Philando Castile’s girlfriend filmed a cop in the throes of self-induced panic pointing a gun at his unconscious, bleeding body. She says the officer “asked him for license and registration. He told him that it was in his wallet, but he had a pistol on him because he’s licensed to carry. The officer said don’t move. As he was putting his hands back up, the officer shot him in the arm four or five times.”

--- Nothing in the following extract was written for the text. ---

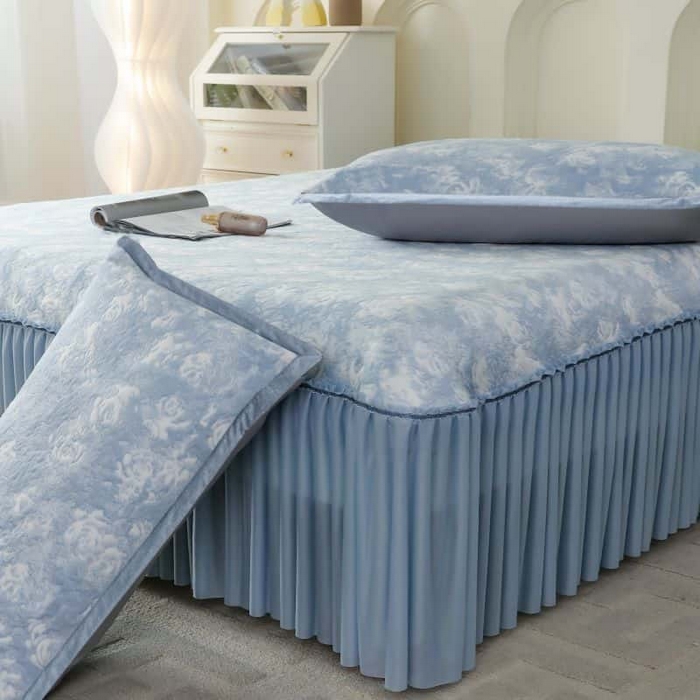 91家纺网 家纺一手货源 找家纺 野马寝具跨境电商专供 2025新款玫瑰花床裙 蓝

And so this song plays again. A black life is stolen and we must now struggle to measure the pain and remember that none of our lives are really safe. We must sit with the footage of these incidents, which fill in what our imagination would write otherwise, and wonder if one of these horrifying videos will ever result in change. So far they have not. Some people will sit with their children to teach them to be cautious around state agents ostensibly tasked with protecting them. Some will cry and some will rage. Some of us will write.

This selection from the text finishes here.